To build wheels for distribution, use:

make

Configuration

Configuration

Environment variable Default Description
CATEGORY_API_HOST 0.0.0.0 Host
CATEGORY_API_PORT 28800 Port that the API is listening on
CATEGORY_API_DUMMY_RUN false Returns empty list for testing purposes
CATEGORY_API_DEBUG_LEVEL_FOR_DYNACONF "DEBUG" Verbosity of dynaconf internal logging
CATEGORY_API_ENVVAR_PREFIX_FOR_DYNACONF "CATEGORY_API" The prefix of which variables to be taken into dynaconf configuration
CATEGORY_API_FIFU_FILE "test_data/wiki.en.fifu" The location of the final fusion file
CATEGORY_API_THRESHOLD 0.4 Threshold of what's considered a low-scoring category
CATEGORY_API_CACHE_S3_BUCKET S3 for bucket for cache files in format "s3://"
--------core variables------------ --------- -----------
BONN_CACHE_TARGET "cache.json" Cache target
BONN_ELASTICSEARCH_HOST "http://localhost:9200" Elasticsearch host
BONN_REBUILD_CACHE true Should cache be rebuild
BONN_TAXONOMY_LOCATION "test_data/taxonomy.json" Location of taxonomy
BONN_ELASTICSEARCH_INDEX "ons1639492069322" Location of taxonomy
BONN_WEIGHTING__C 1 Word vectors based on the words in the category name
BONN_WEIGHTING__SC 2 Word vectors based on the words in the sub-categories name
BONN_WEIGHTING__SSC 2 Word vectors based on the words in the sub-sub-categories name
BONN_WEIGHTING__WC 6 Based on a bag of words found in the metadata of the datasets found in the categories
BONN_WEIGHTING__WSSC 8 Based on a bag of words found in the metadata of the datasets found in the sub-sub-categories

Manual building

Quick Local Setup

  1. setup .env file - $ cp .env.local .env

  2. make wheels

  3. make sure you've placed taxonomy.json in the root folder (This should be obtained from ONS).

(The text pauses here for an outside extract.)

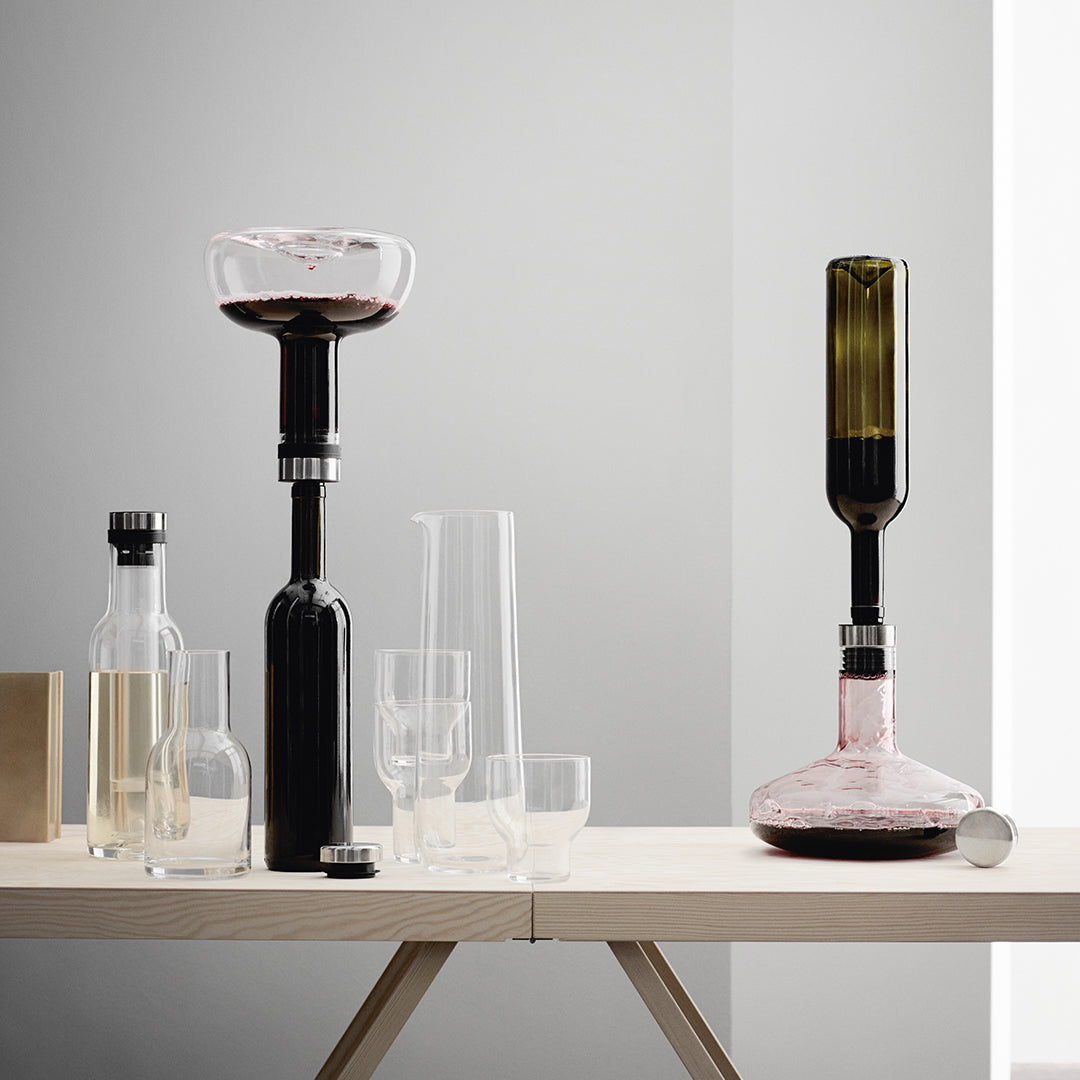 Elegant glassware with black, clear, and green hues; modern shapes and minimalist design for sophisticated dining.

  4. [TODO: genericize] you need an elasticsearch container forwarded to port:9200 (you can customize the port in .env) with a dump matching the appropriate schema https://gitlab.com/flaxandteal/onyx/dp-search-api in this readme you can checkout how to setup elasticsearch.

Install finalfusion utils

cd core
RUSTFLAGS="-C link-args=-lcblas -llapack" cargo install finalfusion-utils --features=opq

Optional: Convert the model to quantized fifu format

Note: if you try to use the full wiki bin you'll need about 128GB of RAM...

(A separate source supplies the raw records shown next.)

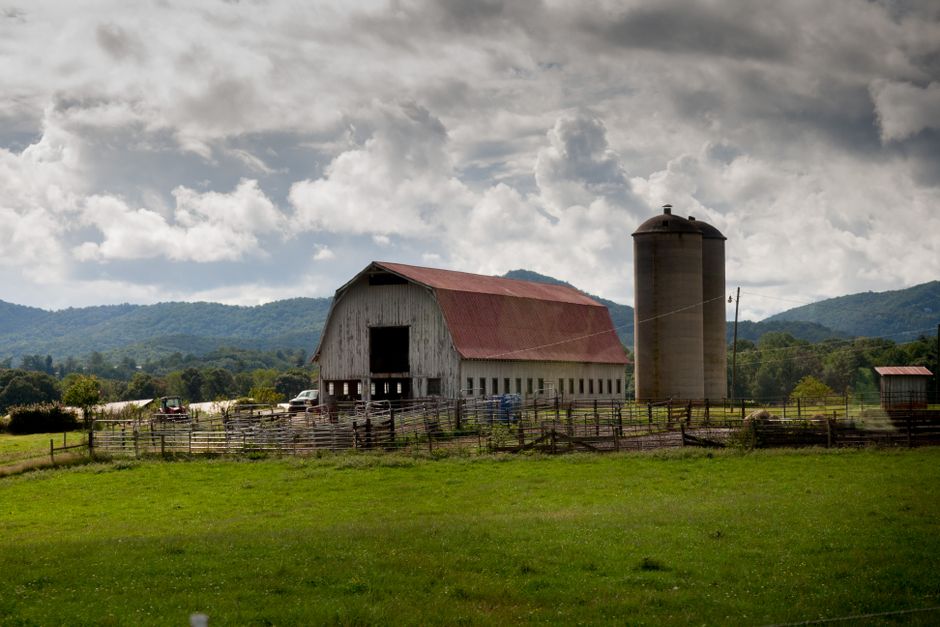 A picturesque barn and silo in Asheville's rural landscape, nestled among rolling hills and lush fields.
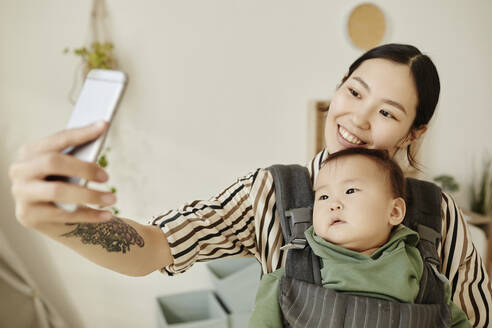 Eine fröhliche Mutter fängt einen kostbaren Moment mit ihrer Tochter ein, indem sie ein Smartphone für ein Selfie zu Hause benutzt - KPEF00053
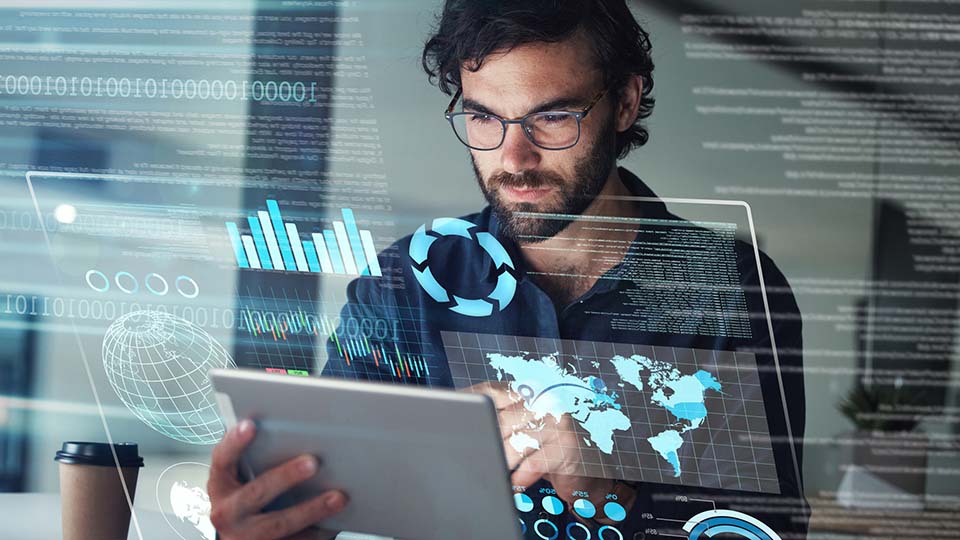 Bearded man wearing glasses analyzing data on a tablet, surrounded by holographic overlays of charts, world map, and binary code representing digital business analytics.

finalfusion quantize -f fasttext -q opq <fasttext.bin> fasttext.fifu.opq

Install deps and build

poetry shell
cd core
poetry install
cd ../api
poetry install
exit

Run

poetry run python -c "from bonn import FfModel; FfModel('test_data/wiki.en.fifu').eval('Hello')"

Create cache

You can create a cache with the following command:

poetry run python -m bonn.extract

This assumes that the correct environment variables for the NLP model, taxonomy and Elasticsearch are set.

Algorithm

The following requirements were identified:

  • Fast response to live requests
  • Low running resource requirements, as far as possible
  • Ability to limit risk of unintended bias in results, and making results explainable
  • Minimal needed preprocessing of data (at least for first version)
  • Non-invasive - ensuring that the system can enhance existing work by ONS teams, with minimal changes required to incorporate
  • Runs effectively and reproducibly in ONS workflows

We found that the most effective approach was to use the standard Wikipedia unstructured word2vec model as the ML basis.

This has an additional advantage that we have been able to prototype incorporating other language category matching into the algorithm, although further work is required, including manual review by native speakers and initial results suggest that a larger language corpus would be required for training.

Using finalfusion libraries in Rust enables mmapping for memory efficiency.

Category Vectors

A bag of words is formed, to make a vector for the category - a weighted average of the terms, according to the attribute contributing it:

Grouping Score basis
Category (top-level) Literal words within title
Subcategory (second-level) Literal words within title
Subsubcategory (third-level) Literal words within title
Related words across whole category Common thematic words across all datasets within the category
Related words across subsubcategory Common thematic words across all datasets within the subsubcategory

To build a weighted bag of words, the system finds thematically-distinctive words occurring in dataset titles and descriptions present in the categories, according to the taxonomy. The "thematic distinctiveness" of words in a dataset description is defined by exceeding a similarity threshold to terms in the category title.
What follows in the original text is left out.